Tuesday, May 17, 2011

1980's Flashback/From the Dust Bin: Kraven's Last Hunt

I like comic books.

From a very young age, I have always appreciated the way that artwork accompanied by dialog in word balloons blend together to tell a great story that is also fun in and of itself. The narrative format of the comic book art form appeals to me in a powerful way that no other medium truly does. That doesn’t mean that I don’t like movies, television, novels or other forms of entertainment. I do. What I’m saying is basically that I like comic books, and I guess that’s not really going to change.

However, I do find it very challenging to find current product that engages me in the way that titles of the past did and that fact is not tied to the retiring, fading away or death of former writers and artists. The industry itself has changed in ways that – in my opinion – detract from the level of enjoyment that has kept me in “comics”.
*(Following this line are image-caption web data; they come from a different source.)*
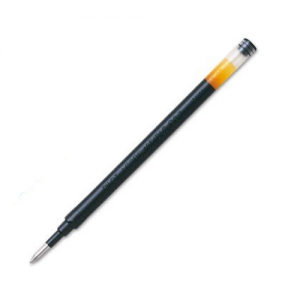 Repuesto Pilot G-2 0.7 Negro (SA)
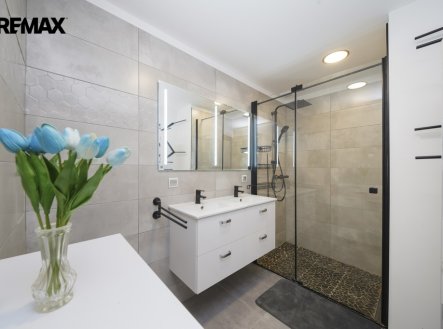 Prodej bytu, 3+1, 112 m²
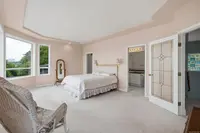 View 27
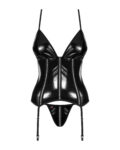 obsessive-_0014_stormea-black-corset-with-thong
I will revisit some aspects of this subject in coming days, but today let me share a wonderful epiphany that rippled out from the recent Free Comic Book Day. As I was plucking stacks of back issues from the quarter boxes marked down for sale at the store event which I attended, one issue in particular grabbed my attention. Web of Spider-Man #32 (Nov.1987); originally published by Marvel Comics, was Part IV of "Kraven's Last Hunt" (also known as "Fearful Symmetry") a storyline written by J.M. DeMatteis and illustrated by Mike Zeck. This classic six-part tale featuring the final battle between Kraven the Hunter and Spider-Man ran through Web of Spider-Man, Amazing Spider-Man and Spectacular Spider-Man during 1987 (the very year that I originally got married) and I never purchased a single issue from this run. Man, was I a dope!

I immediately knew that I would have to have every single one of these issues as soon as I flipped through Web of Spider-Man #32. I headed for eBay and bought the remaining issues for next to nothing. Damn, this a story for the ages. I doubt that many comic book super-villains have enjoyed the kind of magnificent send-off that Sergei Kravenoff did in this multi-part epic. In "Kraven's Last Hunt", the hunter's long-term festering aggravation over his inability to best Spider-Man has finally destroyed his sanity. Kraven hatches a scheme that actually defeats Spider-Man, who is seemingly shot to death and buried, allowing the villain to don a copy of Spider-Man's costume in an effort to prove himself superior at his adversary's former activities.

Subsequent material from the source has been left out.